Art and Power in Medieval Societies – an interdisciplinary workshop hosted at IAS CEU

July 3, 2023

The workshop "Art and Power in Medieval Societies: Censorship, Propaganda and Public Service in the Eastern Mediterranean from Late Antiquity to the Ottoman Era" was held on May 19-20 at IAS CEU in Budapest, organized by GIAS Fellow Dr. Mariana Bodnaruk, Dr. Anna Adashinskaya from New Europe College in Romania, Senior Core Fellow Dr. Yuka Kadoi, and Senior Core Fellow Dr. Peter Martens. The event proposed to investigate the propaganda content and political uses of the arts in the medieval Eastern Mediterranean on the new methodological grounds that have been developed over the past decades (visual and cultural studies, historical anthropology, reception studies, political analysis, transregional methodologies, etc.).

“In the course of the workshop, we embarked on a journey that led us from the Middle Eastern Syriac monasteries to the Anatolian Cilician Armenia, to the slopes of the Caucasus mountains, and Asian Ephesos and Egypt.
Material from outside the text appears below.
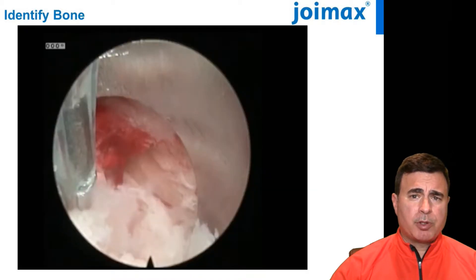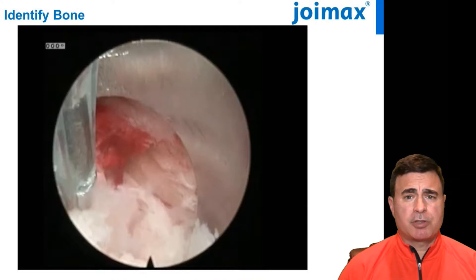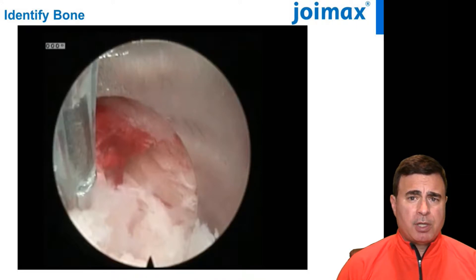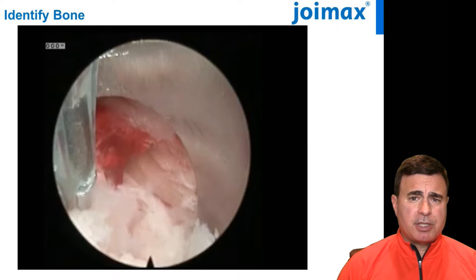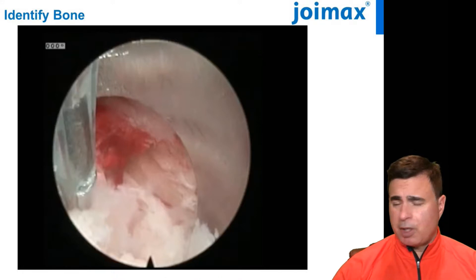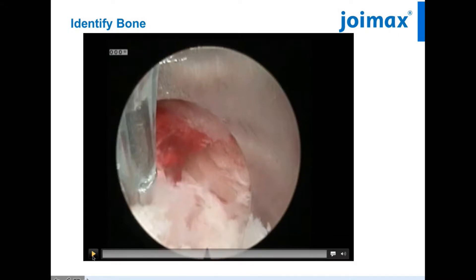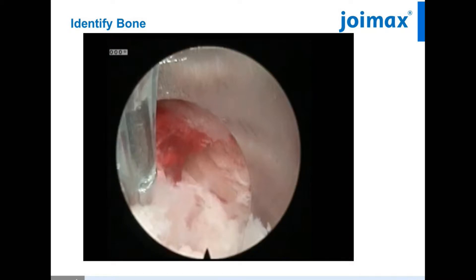I think one of the most important things in the anatomical structures to identify is the bone. Early on it's especially easy to become disoriented, and if you know where the bone is you'll always be able to maintain your orientation. As the orthopedic surgeons say, the bone is home. Here's a short clip identifying the bony anatomy.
We stayed in the monasteries, attended services in Georgian and Moldavian churches, walked the spaces of Cyprus and Constantinople, crossed the Adriatic Sea, between Greek Epiros and the Terra of Otranto, and continued an academic pilgrimage to the great basilicae of Rome.
During the workshop, we saw that the relations between authorities, artists, and the public were never straightforward: art was used to atone for the sins, to promote the piety and justice of rulers, to engage the public in pious activities, and to glorify state-related personalities (officials, kings and emperors, empresses, and royal heirs). At the same time, art had the power to violate, negotiate and create discourses and policies, whereas standardization of official imagery brought elements of recognition and validation in the eyes of the public, the novelties in the image-creation brought new ideas and mobilized the viewers to discuss different thoughts, to approve or disapprove the proposals of the authorities” as stated by Dr. Anna Adashinskaya and Dr. Mariana Bodnaruk.
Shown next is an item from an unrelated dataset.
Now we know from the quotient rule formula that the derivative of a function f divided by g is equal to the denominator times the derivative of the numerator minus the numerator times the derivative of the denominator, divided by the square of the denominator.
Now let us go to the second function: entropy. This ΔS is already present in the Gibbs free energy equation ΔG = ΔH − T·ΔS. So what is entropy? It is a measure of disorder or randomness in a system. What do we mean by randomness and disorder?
Focusing on the continuity and change in the social perception of images and spaces, participating scholars were analyzing the role of the arts in shaping the political discourse and influencing public perception of power and authority. The workshop explored the performative strategies applied by the powerholders and the dissidents to communicate with different social groups and the role of images and architectural spaces into propaganda, ideology-building, and legitimacy-proving.

The proceedings of the workshop will be published as an edited volume.